The solution is to somehow break this cycle. One way to do that is to check the value of the cell, and only set it if it is different (perhaps checking within some tolerance if the type is a floating point number). That way, when your function is called the second time round the cycle it won't re-set the cell value, breaking the cycle.

Best regards,
Tony

41
Help and Support / Re: Memory limits on 32bit Excel 2010
« on: March 03, 2017, 03:25:55 PM »
Hi,

no, no additional limit set by Python or PyXLL - the full memory available to the process will be available to Python. When I've seen something like this in the past it's been some bug that results in trying to construct something massive - like multiplying a list by a large number, resulting in another list that's too large to be allocated. I hope that helps...

Best regards,
Tony

42
Help and Support / Re: Freeze a Spreadsheet
« on: March 03, 2017, 03:20:38 PM »
Hi,

if everything is calculated when you save the sheet then the values will get saved. If you set the calculation mode in Excel to Manual, it shouldn't recalculate when you open the workbook and so you should see the saved values.

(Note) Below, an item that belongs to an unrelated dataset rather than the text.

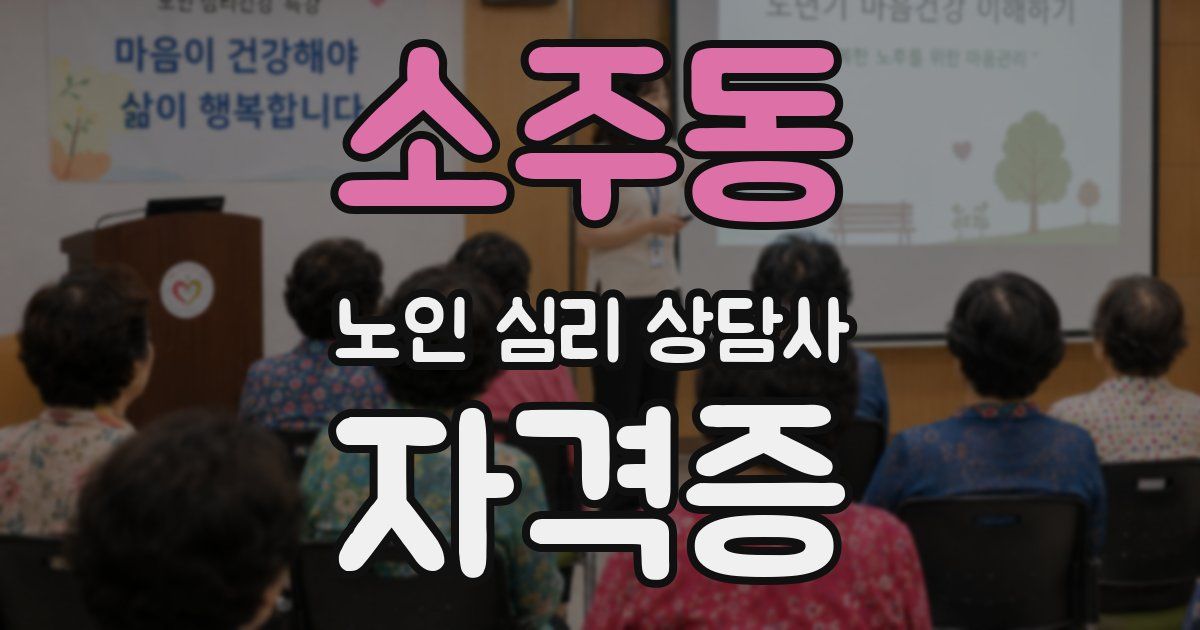 소주동 노인 심리 상담사 자격증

If you don't need to keep the formulas you could replace them with their calculated values before saving a copy to send. You could do that with a menu function or macro, eg:

Code: [Select]
from pyxll import xl_app, xl_menu
from win32com.client import constants

@xl_menu("Replace Formulas with Values")
def copy_values():
    xl = xl_app()
    active_sheet = xl.ActiveSheet
    for sheet in xl.ActiveWorkbook.Sheets:
        sheet.Activate()
        selection = sheet.Range("A1", sheet.Cells.SpecialCells(constants.xlLastCell))
        selection.Copy()
        selection.PasteSpecial(Paste=constants.xlPasteValues,
                               Operation=constants.xlNone,
                               SkipBlanks=True,
                               Transpose=False)
        sheet.Range("A1").Select()
    xl.CutCopyMode = False
    active_sheet.Activate()

Just make sure you have a copy with the formulas saved before you run that!

Best regards,
Tony

43
Help and Support / Re: Memory limits on 32bit Excel 2010
« on: March 01, 2017, 11:36:50 PM »
Hi,

you should be good up to 2Gb for a 32bit process, but make sure you are looking at the virtual memory size and not just the resident bytes (one being what's actually been allocated, the other being just what's currently swapped in). At 350Mb usage it sounds like it could be something else causing your problem (perhaps trying to create a *massive* object or list?).

Best regards,
Tony

44
Help and Support / Re: auto resize function called multiple times
« on: February 14, 2017, 11:16:46 AM »
Hi Yufei,

great, thanks for confirming. Yes, the Ctrl+Shift+R macro example just updates the sheet and so if you have automatic calculation turned on that will cause Excel to recalculate - the built-in auto_resize feature was designed not to do that, and so I'm glad it's working for you now :)

The 3.2 release should be ready in the next few weeks, and will include this fix.

Best regards,
Tony

45
Help and Support / Re: auto resize function called multiple times
« on: February 14, 2017, 10:44:11 AM »
Apologies, I hadn't realised you were using Canopy.

Have you copied pyxll.xll in the same place the original pyxll.xll was installed? If so, there should be a file named 'pyxll-startup.py' in the same folder, and that's what should be setting up the python path when pyxll starts (it's specific to Canopy). That gets added as part of the Canopy packaging, it's not included in the standalone pyxll download.

Alternatively, another way to get it to work is to start a new canopy python prompt and do:

Code: [Select]
import sys
for x in sys.path:
    print(x)

and copy that list of paths to your config (and indent them), ie.:

Code: [Select]
[PYTHON]
pythonpath =
    all paths from sys.path, printed above
    usual python path stuff

I know that's not ideal, but it might get it working again... I'll check the pyxll-startup.py Canopy file from 3.1 should work with 3.2, but that will also be checked as part of the Canopy packaging before the proper 3.2 release (which we don't do for beta releases).